--- title: "_longevityTools_: Connecting Drug- and Age-related Gene Expression Signatures" author: "Authors: Thomas Girke, Danjuma Quarless, Tyler Backman, Kuan-Fu Ding, Jamison McCorrison, Nik Schork, Dan Evans" date: "Last update: `r format(Sys.time(), '%d %B, %Y')`" package: "`r pkg_ver('longevityTools')`" output: BiocStyle::html_document: toc: true toc_depth: 3 fig_caption: yes fontsize: 14pt bibliography: bibtex.bib --- ```{r style, echo = FALSE, results = 'asis'} BiocStyle::markdown() options(width=100, max.print=1000) knitr::opts_chunk$set( eval=as.logical(Sys.getenv("KNITR_EVAL", "TRUE")), cache=as.logical(Sys.getenv("KNITR_CACHE", "TRUE"))) ``` ```{r setup, echo=FALSE, messages=FALSE, warnings=FALSE} suppressPackageStartupMessages({ library(longevityTools) library(ggplot2) }) ``` # Introduction This vignette is part of the NIA funded Longevity Genomics project.
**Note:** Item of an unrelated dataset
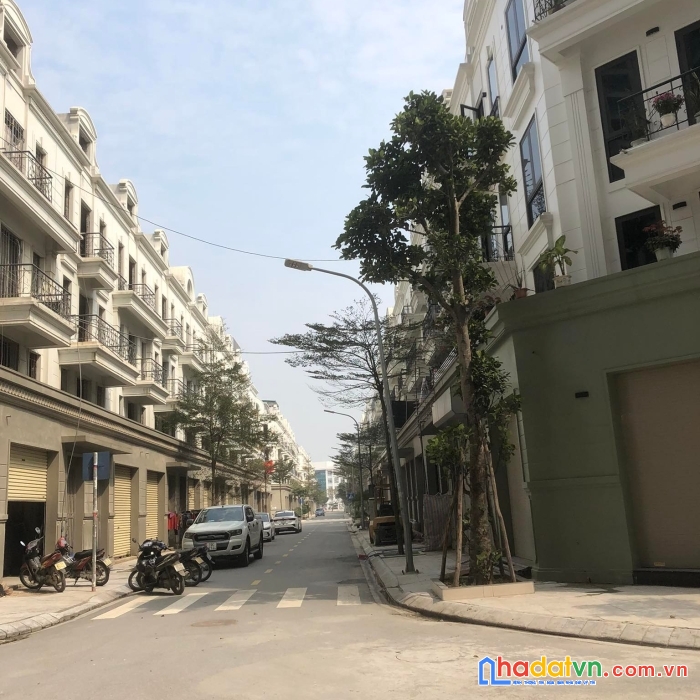 Bán căn liền kề hải phát ở trung tâm gia lâm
For more information on this project please visit its website [here](http://www.longevitygenomics.org/projects/). The GitHub repository of the corresponding R package is available here and the most recent version of this vignette can be found here. The project component covered by this vignette analyzes drug- and age-related genome-wide expression data from public microarray and RNA-Seq experiments. One of the main objective is the identification drug candidates modulating the expression of longevity genes and pathways. For this, we compare age-related expression signatures with those from drug treamtments. The age-related query signatures are from recent publications such as Peters et al. [-@Peters2015-fc] and Sood et al. [-@Sood2015-pb], while the drug-related reference signatures are from the Connectivity Map (CMAP) and LINCS projects [@Lamb2006-uv].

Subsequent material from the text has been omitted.